Metabolite variation across cells may arise due to differences in regulation at the transcriptional, post-transcriptional, translational, and post-translational levels. Metab8D utilizes eight omics classes (genomics (CNV and mutations), histone PTMs, DNA methylation, transcriptomics, RNA splicing, miRNA, lncRNA, proteomics, and phosphoproteomics) to predict metabolomic variation across cancer cell lines from the Cancer Cell Line Encyclopedia, thereby inferring a multiomic metabolic regulatory network. This repository contains the machine learning workflow Metab8D employs to assess the relationship between features and their respective predicted metabolites. The primary output for this work is captured in the Metab8D_network.xlsx file, which contains the top 20 features in predicting each metabolite across 9 omics datasets.
As outlined in the ML_function.ipynb file, Metab8D network generation involves training ML models, assessing their accuracy, and obtaining feature importances thereof. This process is repeated for each individual omics input. An example of model generation is provided at the bottom of the ML_function.ipynb file using the histone PTM data. A requirements.txt file is provided, specifying all necessary packages for running this code.

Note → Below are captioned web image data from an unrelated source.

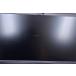 4K 14.0�^ SIM�t���[ VAIO Pro PK VJPK13C12N Core i7 1065G7 IrisPlus ������16G M.2SSD128G Wi-Fi6 Web�J���� USBType-C Windows11 �֘A�摜5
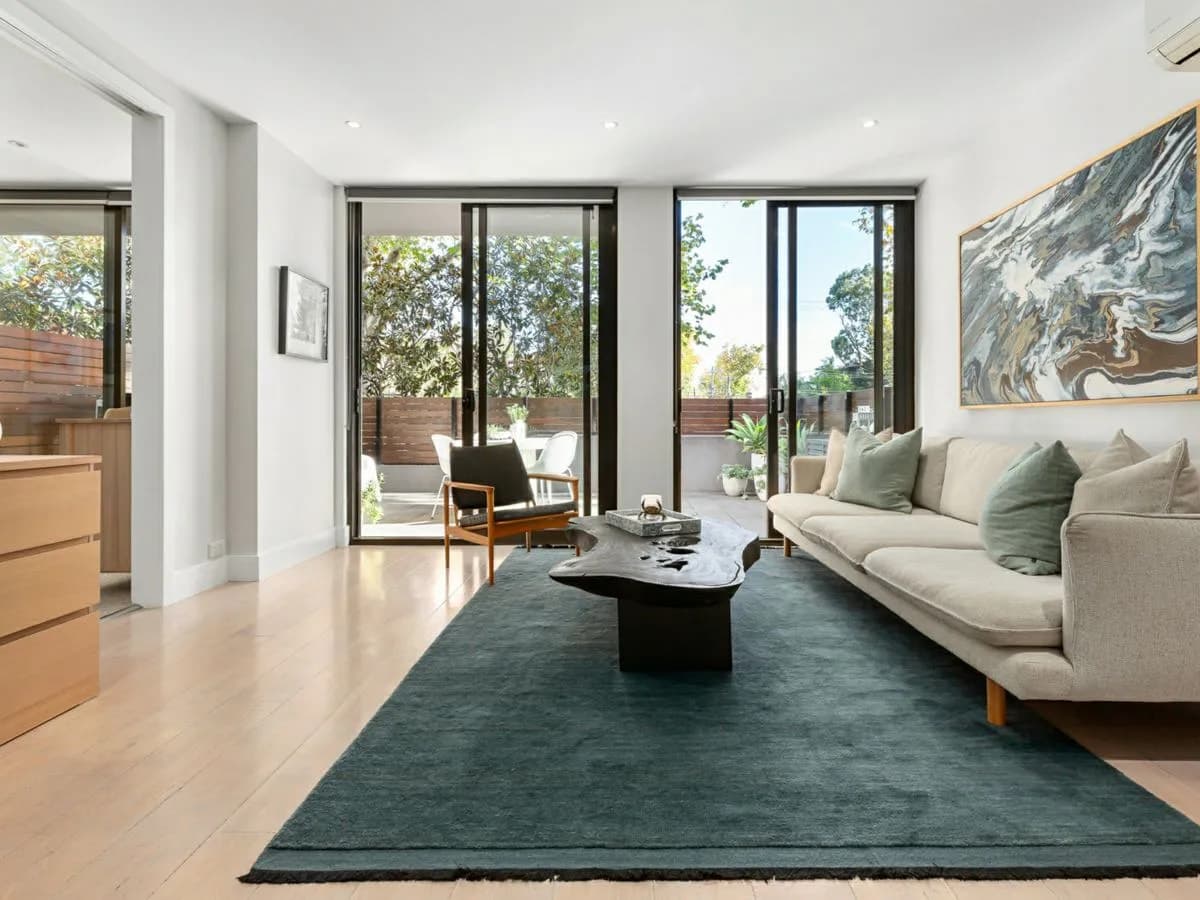 G05/126 Brighton Road, RIPPONLEA, Ripponlea - Thumbnail 2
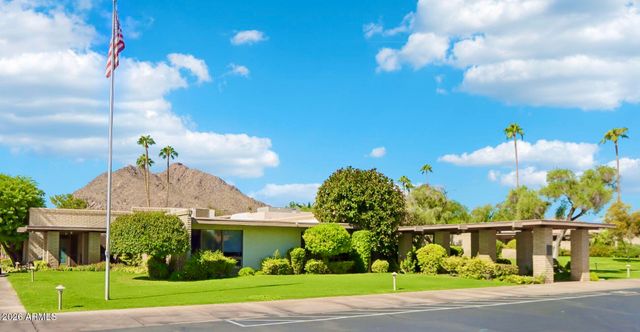 4800 N 68TH Street 351, Scottsdale, AZ 85251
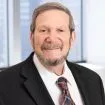 Michael M. Berger Photo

The resultant proposed regulome network can be found in the Metab8D_network.xlsx file, where the top 20 features for all 2,025 trained metabolite models, along with their respective confidence scores, may be found. Features with high confidence scores and no previously identified mechanistic relationship should be prioritized for further study.
By comparing accuracies and assessing feature importance scores from multiomic inputs, Metab8D proposes systems-level relationships between omics features and metabolites across the CCLE cell line panel, and validates such relationships in independent data.
Metab8D_network.xlsx: Top 20 features for 225 RF metabolite models from 9 omics inputs along with confidence scores (0 through 8) based on the number of controls (out of 8 experiments) for which each feature appeared in the top 20 most imoprtant features.
ML_function.ipynb: ML script for random forests, XGBoost, ridge regression, and lasso regression, as well as feature importance generation. Includes example code for using histone PTM data as input.
RF_results: Pearson's correlations and P values for all metabolite models from each of 8 omics classes. Significance is determined by Bonferroni-corrected P value.
recon_mapping: MATLAB and Python scripts for extracting genes from reactions involving metabolites of interest and matching them with top feature lists, as well as a csv containing common gene name to BiggID translations.
human_1_mapping.csv: List of metabolites from Recon3D with mapped Human1 IDs.
example_datasets: Metabolomics and histone PTM (original and zero imputed) data that can be used to test the machine lerning code present in this repository. The rest of the preprocessed CCLE data and trained models may be found here: https://doi.org/10.7303/syn68236153
preprocessing_example.ipynb: Example code for preprocessing the original histone PTM data along with examples of z-score normalization and KNN imputation.